BishopAccountability.org

Central figure in Chile’s priest abuse scandal ousted by Pope

By Nicole Winfield
Associated Press
June 11, 2018

https://www.sfgate.com/world/article/Central-figure-in-Chile-s-priest-abuse-scandal-12985151.php

In this file picture taken on January 17, 2018, the bishop of Osorno, Juan Barros (R), takes part in an open-air mass celebrated by Pope Francis (L) at Maquehue airport in Temuco, 800 km south of Santiago, on January 17, 2018. Pope Francis accepted on June 11, 2018 the resignation of three Chilean bishops including that of controversial Juan Barros following a child sex abuse scandal in Chile which has come to haunt his papacy. Several members of the Chilean church hierarchy are accused by victims of ignoring and covering up child abuse by Chilean paedophile priest Fernando Karadima during the 1980s and 1990s.
Photo by Claudio Reyes

Pope Francis accepted the resignations Monday of the bishop at the center of Chile’s clerical sex abuse scandal and two other priests, beginning a purge of the Catholic Church in a country where it had been damaged by an avalanche of abuse and cover-up accusations.

A Vatican statement said Francis had accepted the resignations of Bishop Juan Barros of Osorno, Bishop Gonzalo Duarte of Valparaiso and Bishop Cristian Caro of Puerto Montt. Francis named a temporary leader for each diocese.

Barros, 61, has been at the center of Chile’s growing scandal ever since Francis appointed him bishop of Osorno in 2015 over the objections of the local faithful, his own sex abuse prevention advisers and some of Chile’s other bishops. They questioned Barros’ suitability to lead given he had been a top lieutenant of Chile’s most notorious predator priest and had been accused by victims of witnessing and ignoring their abuse.
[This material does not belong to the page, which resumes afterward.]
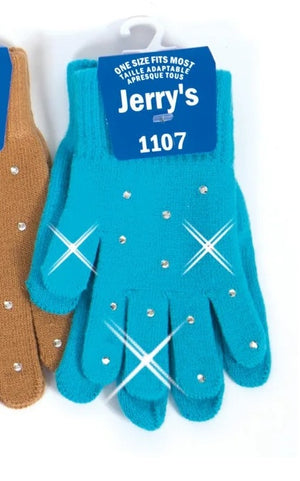 Jerry's Adult 1107 Crystal Mini Figure Skating Gloves sky blue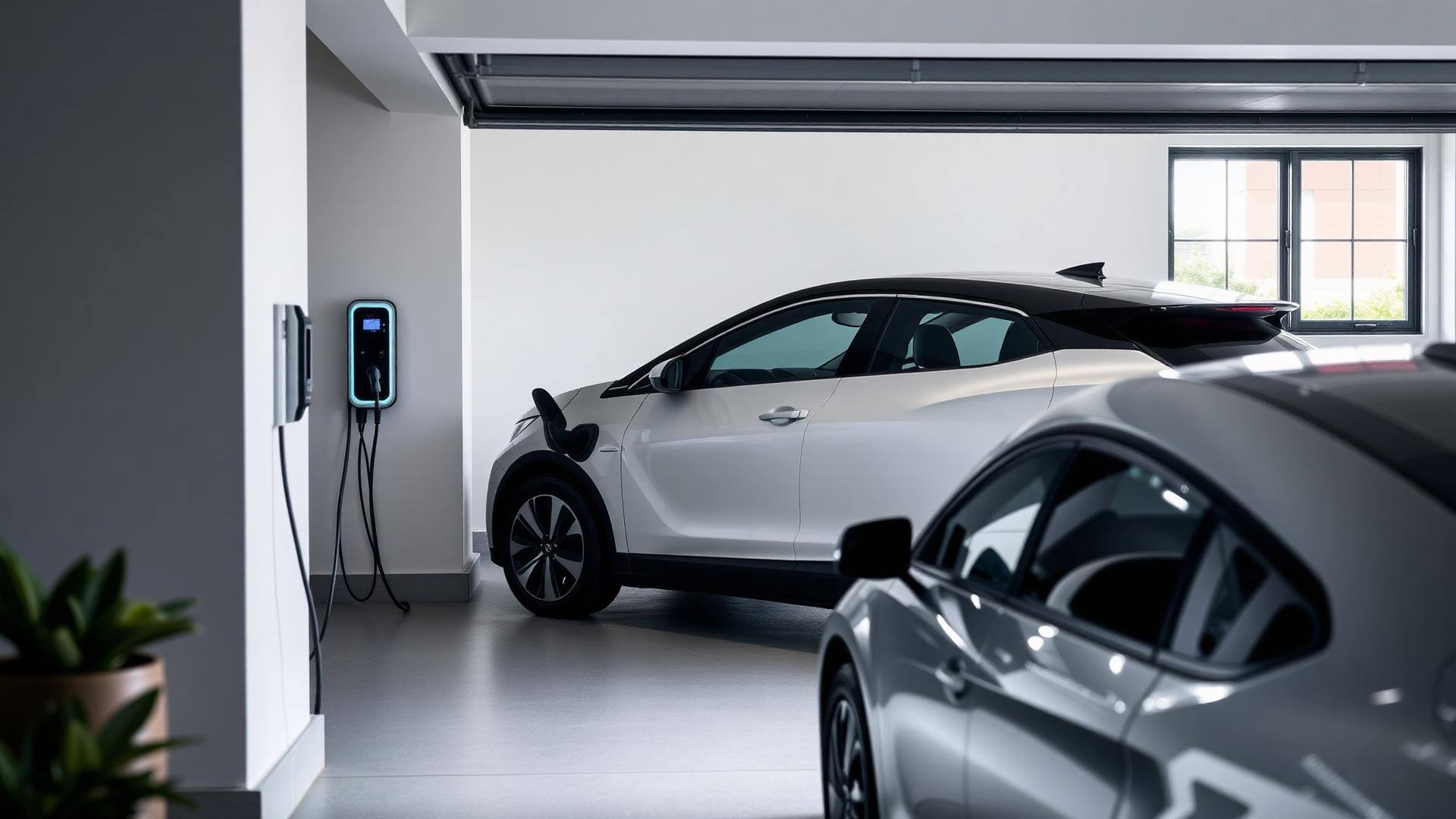 Level 2 EV charger installation on a garage wall in Berkeley County SC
Barros denied the charge, but he joined 30 of Chile’s other active bishops in offering their resignations to Francis at an extraordinary Vatican summit last month. Francis summoned Chile’s church leaders to Rome after realizing he had made “grave errors in judgment” about Barros, whom he had defended strongly during a visit to Chile in January.

Barros’ removal, which had been expected, was praised by abuse survivors and Catholics in Osorno. Some said more housecleaning now is needed to heal the devastation wrought by the scandal.

“A new day has begun in Chile’s Catholic Church!” tweeted Juan Carlos Cruz, the abuse survivor who denounced Barros for years and pressed the Vatican to take action.

The other two bishops whose resignations were accepted had submitted them prior to the pope’s summit after having reached the mandatory retirement age of 75. But victims accused both of having botched cases in the past.

Francis realized he had misjudged the Chilean situation after meeting with Cruz and reading a 2,300-page report compiled by two leading Vatican investigators about the depth of Chile’s scandal.

The investigators, Archbishop Charles Scicluna and Spanish Monsignor Jordi Bertomeu, are heading back to Chile on Tuesday to begin what the Vatican has said is a “healing” mission to Osorno.

Juan Carlos Claret, spokesman for a group of Osorno lay Catholics who fiercely opposed Barros, said Francis’ acceptance of the resignation signaled “the end of the damage” that the pope himself had inflicted on the diocese by appointing Barros in the first place. Claret said Barros’ exit was the “minimum condition” to begin a dialogue with the Vatican to try to rebuild peace in the diocese.